The Hangover Part II

Three characters call their friend's wife to say that they messed up after a night of drinking. Cue the opening credits as shots of the local landscape appear. Flashback to wedding planning. Then some drinking. Then those same three characters wake up in a hotel room with a member of their party missing and must piece together their previous night. Sound familiar? Not only is this the plot to The Hangover, but also the plot for its sequel. Then again, I'm surprisingly not complaining. I mean, when the word hangover is in the title, did one not expect the characters to get hung over? Yes, they learned their lesson the first time, they just have to learn it again. Thankfully, writer/director Todd Phillips makes up for there being similar plot elements in this sequel by having a clever plot-structure and frankly, still making the story very funny.

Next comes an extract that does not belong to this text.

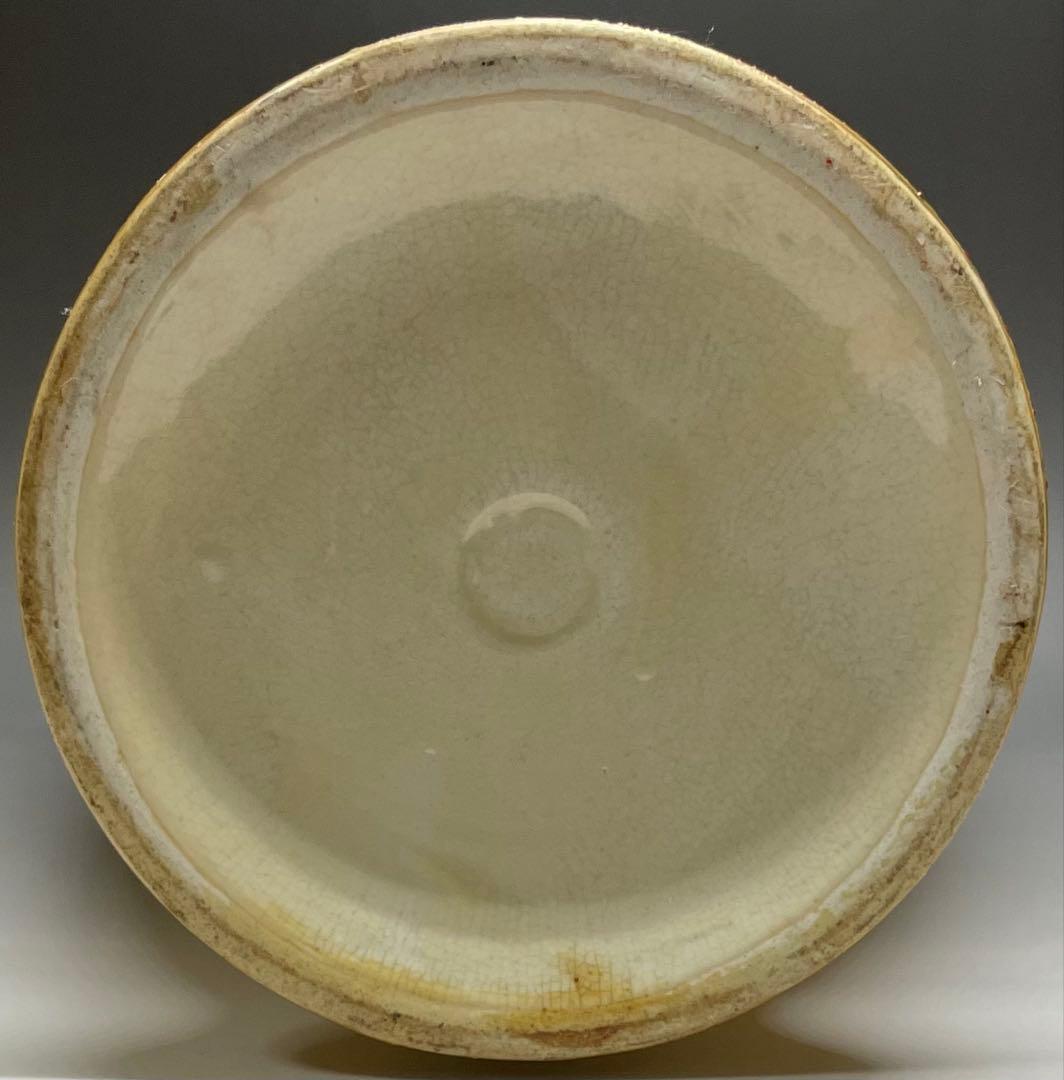 薩摩焼　色絵　金蘭手　武士美人図　花瓶　壺　飾壷　36cm v49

In this installment, Stu (Ed Helms) is getting married to Lauren (Jamie Chung) in Thailand and invites Phil (Bradley Cooper), Doug (Justin Bartha) and Allen (Zach Galifianakis). Instead of a bachelor party, Stu decides to relax on the beach and drink a few beers with Lauren's younger brother, Teddy (Mason Lee). Well, something goes wrong and the members of the Wolf Pack wake up in a Bangkok hotel room. Stu has a Mike Tyson tattoo, Allen shaved his head, Teddy is missing, and there is a monkey in a Rolling Stones jacket prancing around. In a sense, the moments perhaps feel funnier than they should because we are so comfortable with these characters as they don't have to win us over. We welcome them as we would another TV episode of The Three Stooges.

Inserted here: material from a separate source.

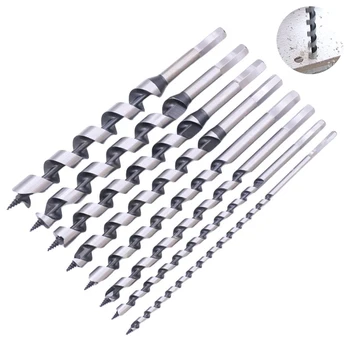 Perceuse à rouleau pour le travail du bois, 120-500mm de Long, poignée hexagonale, torsions de pâte frite, taraud à bois, serrure de porte en bois, outil d'alésage, 1 pièce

Phillips excels at making raunchy movies and does proud the likes of Judd Apatow, John Landis, Kevin Smith, Ivan Reitman, and the Farrelly Brothers. He knows exactly what to have his characters say and do at the right time to get a laugh. Now before I go on I should say that if you aren't a fan of the kinds of comedies that have been coming out since around 2005 (or just raunchiness in general) than you might want to skip this even if you thought The Hangover was just okay. This actually makes the first film look tame. That being said, I'm happy this comedy continues in the vein of the likes of the filmmakers I just mentioned above.

Some random points... Lawrence Sher does a phenomenal job with his cinematography. He somehow enhances the comedy by making everything look great just like he did with the first installment (as a side note, his credits include Kissing Jessica Stein, Garden State, I Love You Man, and Due Date). Bangkok looks as sleazy and as it is attractive, like a stereotypical Asian Las Vegas. As for the cast- Ken Jeong and Paul Giamatti are memorable (and throw in the usual Tyson-cameo as well), but Zach Galifianakis once again steals the show. As an actor he has mastered being passively clueless and one never knows what he is going to say or do next (see the dinner toast for hilarious proof of that).

If you are shaking your head at this review, then stop reading before I say this- the film even has heart. Perhaps it is more thinly veiled than Judd Apatow's comedies, but there is a message to be found. We've heard the message before with these same characters, yet that doesn't make hearing it another time any less enjoyable.